Not quite. Enter Shiprah and Puah on to the scene. Who are they? you may well ask. Well, I must confess that I only knew their roles, not their names, before I wrote this article. They are the Hebrew midwives in Exodus 1 whom Pharaoh tried to coerce into his plan to exterminate the Israelites – sadly, genocide is nothing new. He told them, “When you help the Hebrew women in childbirth and observe them on the delivery stool, if it is a boy, kill him, but if it is a girl, let her live” (v.16).
“However, the midwifes feared God and did not do what the king of Egypt had told them to do; they let the boys live” (v.17). When the king realised what was going on, he called them in for an explanation. They answered him, “Hebrew women are not like Egyptian women; they are vigorous and give birth before the midwives arrive” (v.19). This was a complete falsehood. Yet in the verses after this (20-21) we read, “God was kind to the midwives. … Because they feared God, he gave them families of their own.” People who feared God deliberately lied; and he was kind to them. What is truth?
This is not the only example in the Bible where hiding the truth is commended. In 1 Samuel 21 David was on the run from Saul and desperately needed food and weapons, so he went to the high priest at Nob and falsely told him that he was on a secret mission for Saul. Despite the fact that this action resulted in the death of 85 priests at the hand of Saul, Jesus commends David (Matthew 12:3-4). What are we to make of this?
Light is thrown upon this issue by another incident in Jesus’ life: in Mark 3 people were waiting to lay an accusation against him for healing a man on the Sabbath.

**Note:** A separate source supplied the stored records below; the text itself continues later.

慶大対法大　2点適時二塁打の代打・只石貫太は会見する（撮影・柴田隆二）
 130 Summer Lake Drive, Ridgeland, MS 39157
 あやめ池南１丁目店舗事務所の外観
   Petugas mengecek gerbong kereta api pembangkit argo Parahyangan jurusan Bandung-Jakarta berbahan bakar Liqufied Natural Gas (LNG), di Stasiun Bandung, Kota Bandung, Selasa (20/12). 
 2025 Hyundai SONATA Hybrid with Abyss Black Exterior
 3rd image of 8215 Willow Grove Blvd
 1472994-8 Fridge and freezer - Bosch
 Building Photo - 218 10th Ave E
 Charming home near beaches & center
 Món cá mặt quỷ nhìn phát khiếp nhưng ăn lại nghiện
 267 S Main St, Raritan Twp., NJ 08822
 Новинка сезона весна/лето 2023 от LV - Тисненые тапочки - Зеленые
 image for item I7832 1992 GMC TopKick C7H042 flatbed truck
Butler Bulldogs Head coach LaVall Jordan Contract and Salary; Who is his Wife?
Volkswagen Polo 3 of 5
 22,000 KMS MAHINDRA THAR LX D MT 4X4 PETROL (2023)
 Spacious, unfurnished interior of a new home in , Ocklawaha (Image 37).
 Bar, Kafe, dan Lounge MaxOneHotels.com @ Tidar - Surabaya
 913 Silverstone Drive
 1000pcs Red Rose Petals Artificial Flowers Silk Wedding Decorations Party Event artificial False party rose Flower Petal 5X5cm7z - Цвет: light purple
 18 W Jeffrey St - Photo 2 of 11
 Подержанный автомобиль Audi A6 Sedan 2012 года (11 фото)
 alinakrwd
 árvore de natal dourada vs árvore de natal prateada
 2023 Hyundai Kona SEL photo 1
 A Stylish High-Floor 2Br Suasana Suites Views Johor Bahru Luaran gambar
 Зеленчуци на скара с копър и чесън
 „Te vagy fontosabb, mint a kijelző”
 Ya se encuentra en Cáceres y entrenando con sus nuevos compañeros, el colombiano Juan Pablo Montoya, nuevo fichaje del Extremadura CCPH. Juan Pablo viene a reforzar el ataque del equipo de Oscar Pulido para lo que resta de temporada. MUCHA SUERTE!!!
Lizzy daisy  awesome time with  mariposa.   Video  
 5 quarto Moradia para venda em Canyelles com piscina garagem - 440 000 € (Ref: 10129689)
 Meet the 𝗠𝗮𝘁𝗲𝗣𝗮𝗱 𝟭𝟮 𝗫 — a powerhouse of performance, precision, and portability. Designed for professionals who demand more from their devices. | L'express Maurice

To the strict Jews of Jesus’ day the Sabbath laws were every bit as important as those against lying – after all, both are part of the Ten Commandments which forms the foundation of the Law of Moses. Without waiting to hear their accusation, Jesus asked one simple question, “Which is lawful on the Sabbath: to do good or to do evil, to save life or to kill?” (Mark 3:4). Like jesting Pilate, they too remained silent.
The same question is relevant in relation to truth. Which is lawful? To tell the truth and kill or to hide the truth and save life? Should Shiprah and Puah have told the king the truth and so exposed the Hebrew baby boys – and themselves – to death; or should they have lied and saved many lives? Should Mr ten Boom have told the truth to the German soldiers about the Jews he was hiding in his shop and exposed them to certain death? Or should he have lied and kept them alive? Put like that, there can only be one answer.
Not all situations are as clear as this. However, those situations warn us against applying one particular moral principle absolutely, without taking others into account. Under Jesus Christ’s new covenant we are called not to follow a set of rules, but to be led by the Spirit (Romans 8:14) in order to discern the heart of our heavenly Father in each situation which we face. The Bible gives us extensive guidance on how his heart functions, but there are many situations where we will also need that extra dimension of Spirit leading to help us apply the Bible to our current situation.
Shiprah and Puah feared God: their heart was right before him, so they were able to make a correct moral decision in the very challenging situation with which they were confronted. May God give us the wisdom and discernment by his Spirit to do the same in each situation which we face, today and in the future.